Despite such acclaim and remaining in high demand as a DJ act until their hiatus, the intensity of the partnership between Sharam and Dubfire ultimately deteriorated. Rarely seen together on tour (or even during Winter Music Conference in Miami), it was widely rumored that the two lifetime friends were now at odds. When they disbanded, each DJ pursued markedly different musical paths: Dubfire immersed himself in minimal techno while Sharam opted for house and progressive.
Today, Tayebi is somewhat uneasy about rejoining his once-partner in crime. “There are a lot of unknowns,” he admits. “I don’t know how to say it. It’s familiar territory but at the same time (we each) go on our own journey. The bottom line is, the quality of music and the quality of the process is there.”

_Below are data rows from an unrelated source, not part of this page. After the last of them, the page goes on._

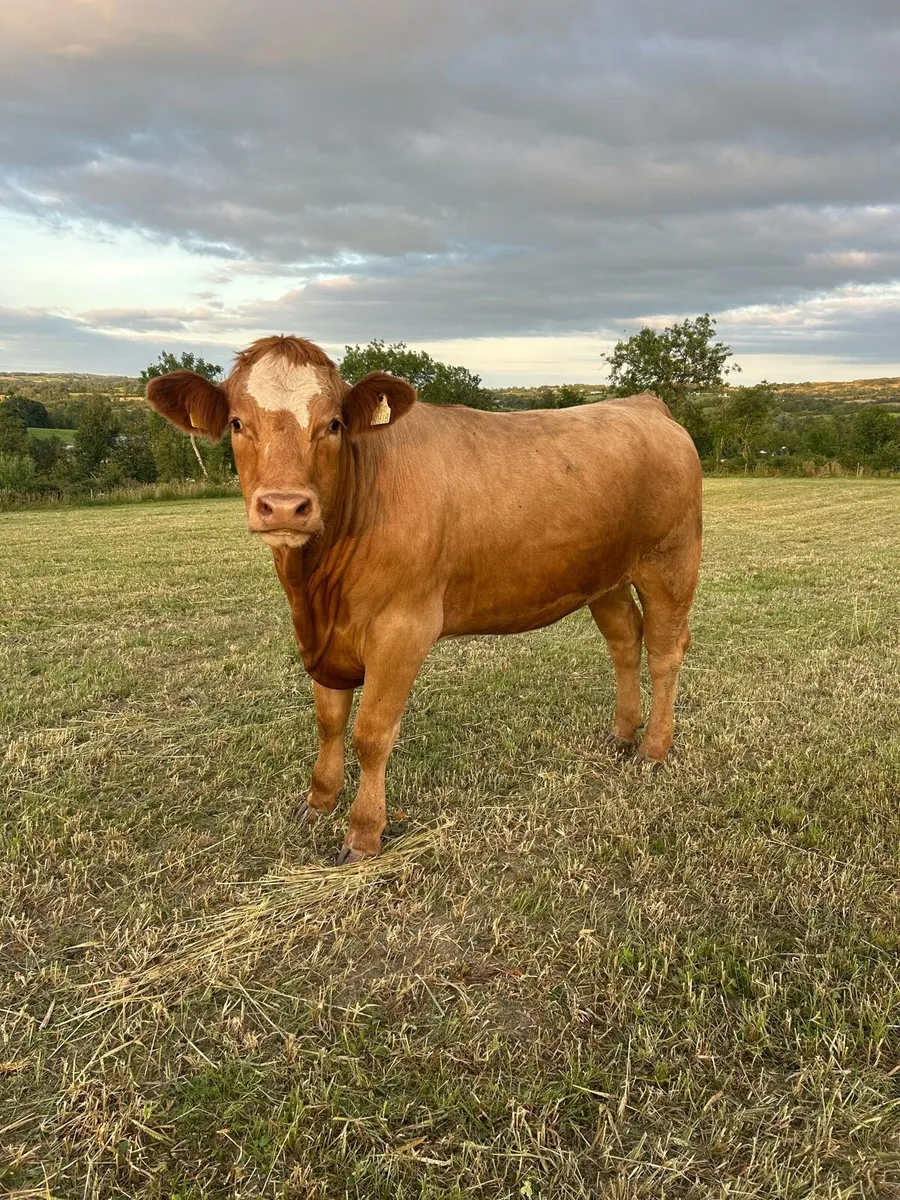 8 Organic Heifers Full Symbol - Image 1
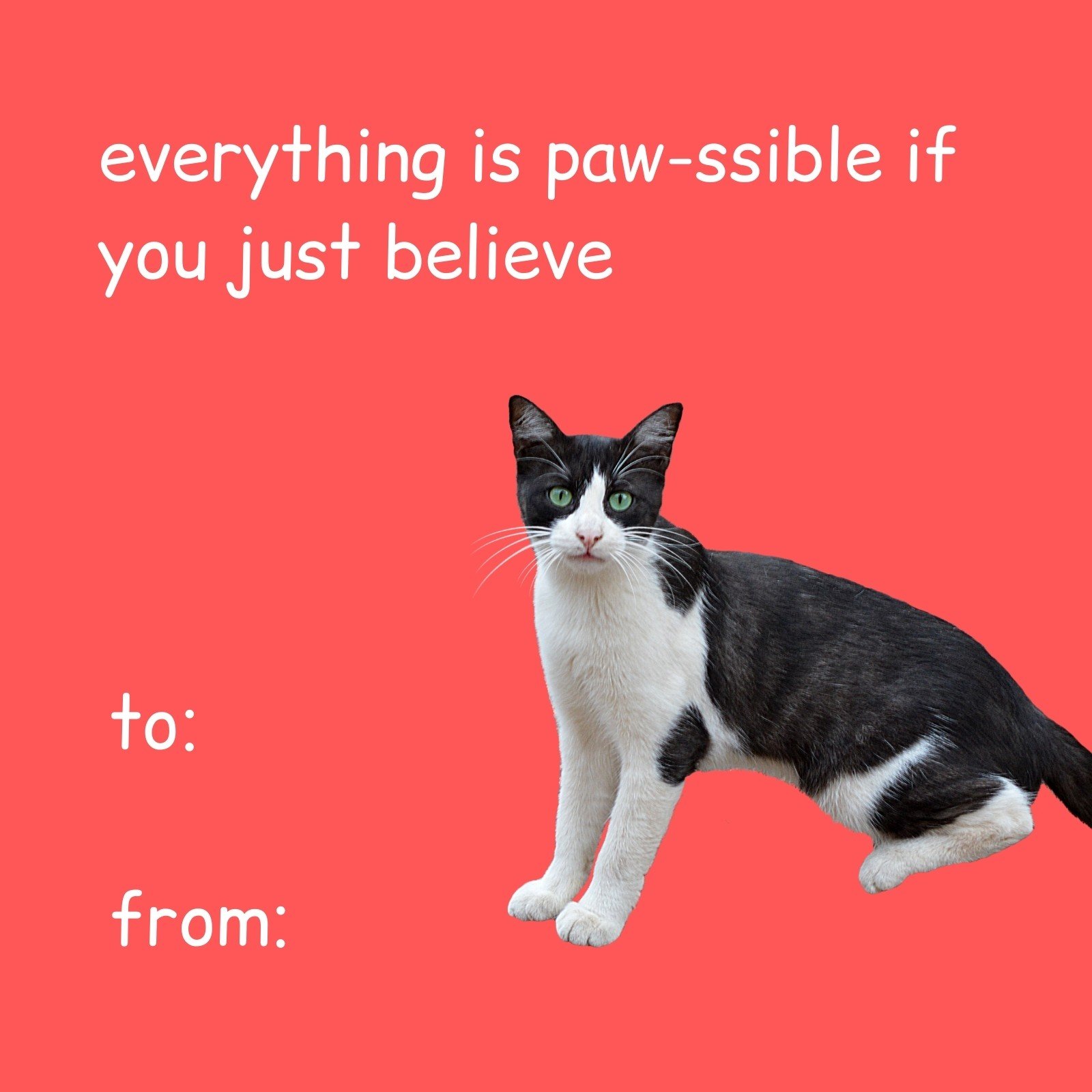 motivational cat meme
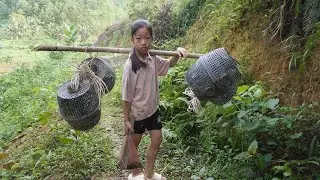 Catch fish with a bagua cage - Poor girl alone living off grid, survival in the forest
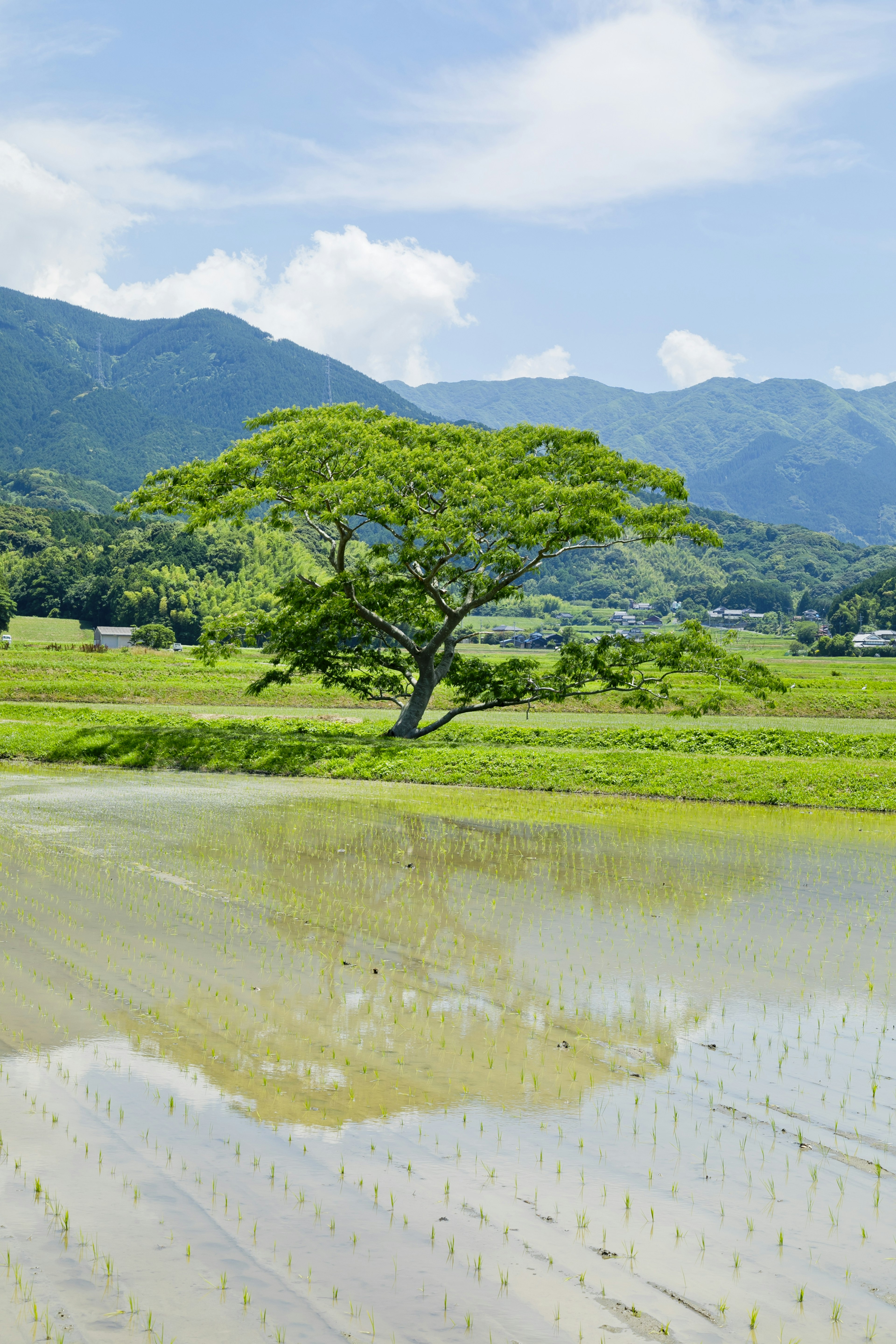 Un grande albero che si erge in un campo di riso lussureggiante con montagne sullo sfondo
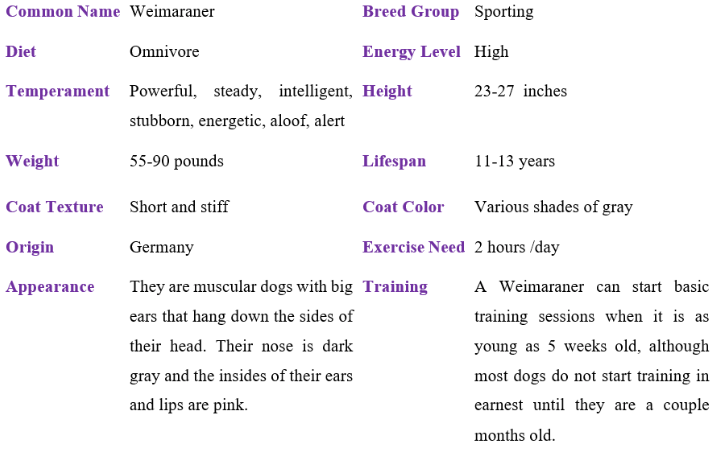 weimaraner table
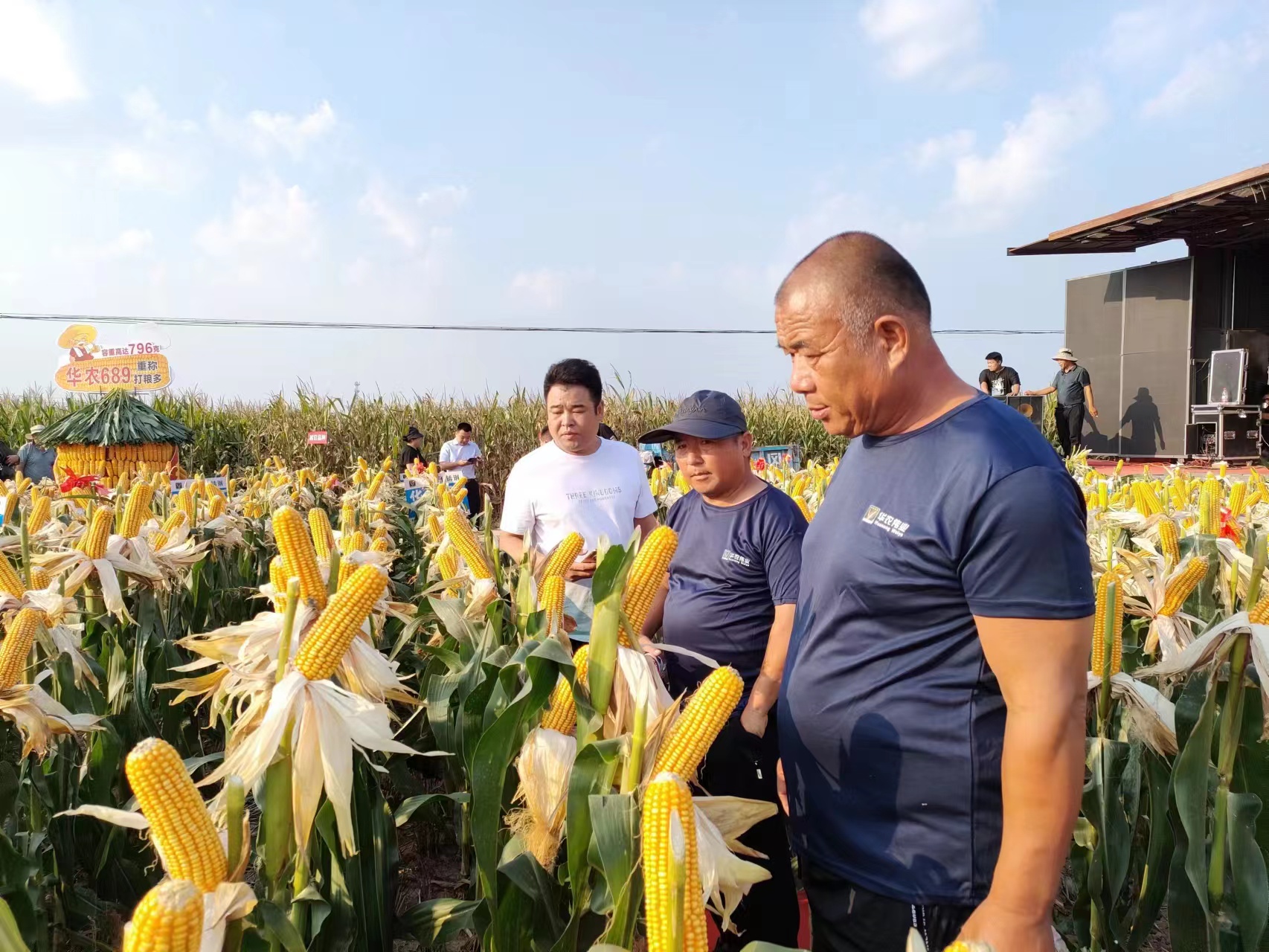 鹿邑县玉米迎丰收喜悦满田间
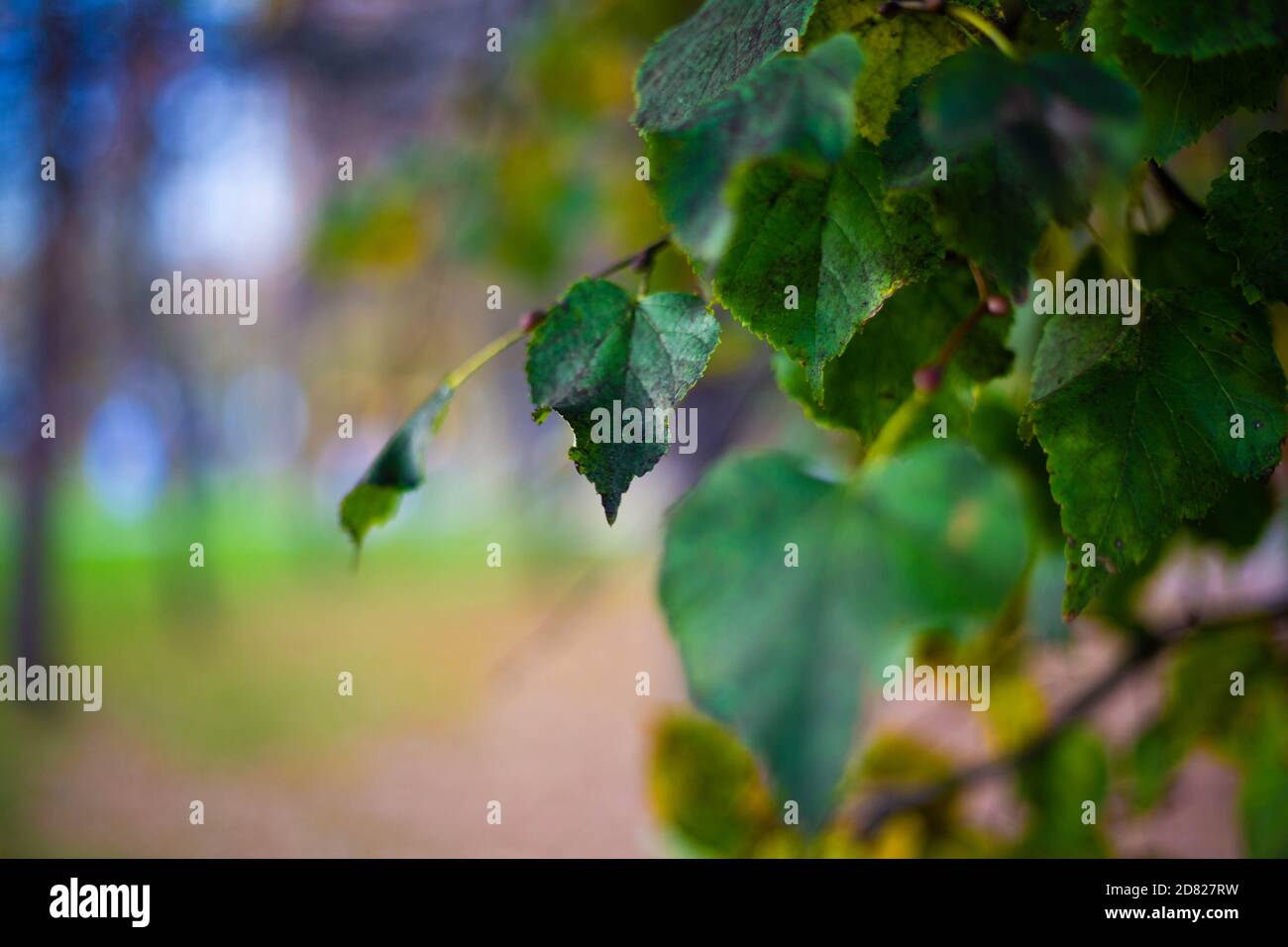 Foglie verdi gialle di autunno sullo sfondo dello stagno Nel mese di ottobre Foto Stock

The group’s biography — that of two Iranian immigrants who met during their early 20s in a DC nightclub and bonded over their love of house music — was a storied tale that resonated with an audience who believed equally in the power of dance music and the American dream. Despite their time apart, Tayebi believes the bond he and Shirazinia once shared can hold them together again.
“There’s a lot of divorces in the world and if you go back to it, a lot of it has to do with differences in culture,” Tayebi says. “Not geographical culture, but upbringing. That’s what gets shit fucked up. I’m a firm believer in innovation and I know Ali is the same with his stuff. We’re on the opposite ends of the spectrum doing our own things, but the common denominator is innovation.”
Jimmy Page and Robert Plant would be proud.